The Angel looks at me with those bright blue eyes and I get the feeling that he thinks that I am some kind of smart but weird child, a sly kid, full of tricks and surprises, one with odd tastes in clothes and appalling leanings in music. I've got my earphones round my neck, they are my necklace and I want to lift them up now and put them on. But I promised Grandmère. It's hard though with the sonic interference reaching the pitch it does with me in a world where everybody is beaming signals the whole time, wanting me to do this and that, and I wish I had my phones on right now and was gassing it with someone like Garotte, the new Hispanic trio from Cologne, synthesisers and plainchant, really just the usual ‘blood on the ceiling, blood on the floor' boys, who actually sincerely want to be very, very rich. But OK listening for about ten minutes. Then just as you get to the point of melting them back into the industrial waste from whence they came, you hear something in their voices which tells you that they've just shown the bishop what the choirboy has got under his frock, and suddenly you don't feel so bad about being exploited by three kids who learnt their American English by numbers and you don't feel sorry for the bishop, just glad there are people too bent ever to straighten out, who are beyond Uncle Claude and the Angel, who is now eating a peach.

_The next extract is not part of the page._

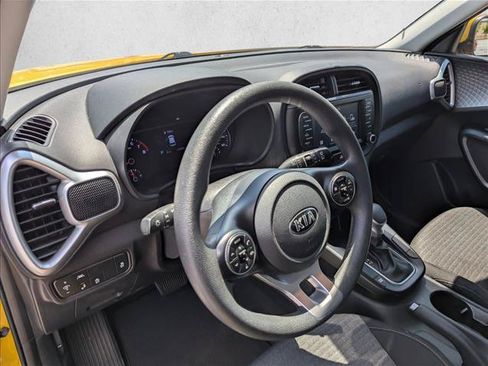 Used 2020 Kia Soul S FWD image 9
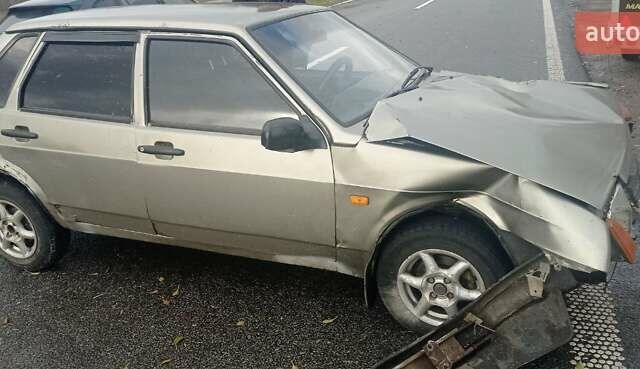 Серый ВАЗ 21099, объемом двигателя 1.5 л и пробегом 500 тыс. км за 844 $, фото 8 на Automoto.ua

Would you look at him eating this peach which is so terrified by the experience it doesn't dare drip off his chin but slips between his lips like it has been expensively trained. Look!

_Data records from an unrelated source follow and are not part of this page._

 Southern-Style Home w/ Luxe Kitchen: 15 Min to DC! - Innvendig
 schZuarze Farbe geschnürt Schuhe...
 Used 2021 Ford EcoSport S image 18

But then you are looking. You're looking at the Angel who's looking at me and you know what's coming next.

‘I'm not talking about the name of our visitor,' says the Angel softly. ‘I'm talking about somebody else, a friend of Bella's Monsieur Brown, back in his country of Zanj. I've heard that the country is rich in diamonds, in nothing else, but its jewels are highly prized. I understand that this little state is amongst the poorest in Africa. France gives considerable amounts in aid. It's a custom in that country to make presents of diamonds to those who are regarded as friends. It's whispered that certain Zanjian leaders tried to further relations with certain French officials …'

‘It's plain now,' Uncle Claude cuts in. ‘Bribery! Are you listening to this, Bella? Well now – I forbid you to have any more to do with this man until we get to the bottom of this.'

‘Let's agree to call them gifts,' says the Angel. ‘For the moment, at least.'

‘Very well, let's call them gifts,' says Father Duval. ‘So this man, this official, during his tenure in this benighted country, or land, Zand or Gang, or whatever you call it, bribed some French official with diamonds?'

‘One official in particular. A government employee who travelled extensively in the country and knew its ruling figures and, it seems, enjoyed excellent relations with the dictator of Zanj himself.'

I reach up and touch my diamond pendant. It has a curious cold and warm feeling all at once. The way I felt in the paddle boat. Then I see the Angel is watching. It's all horribly obvious now, hideously clear. The visit my mother and I had paid to Paris, the uneasiness of the official with the face like a shoehorn who could tell us nothing and would give us no explanation. The loss of our house, the reclamation of my mother's jewels.

‘I think we can guess the name,' says Uncle Claude. ‘Perhaps now is not the time –'

But he is too late. My grandmother begins to moan. ‘My poor, poor boy. Dead among savages and thieves!'

Then she gets up and comes round to the Angel, goes down on her knees and lays her head on his lap. ‘
Patron
, what must I do?'

No one answers.

It's much later that I leave my grandmother, when I'm sure she is sleeping. I can hear the men up in my uncle's den. I find them clustered around the telescope. They've been drinking brandy.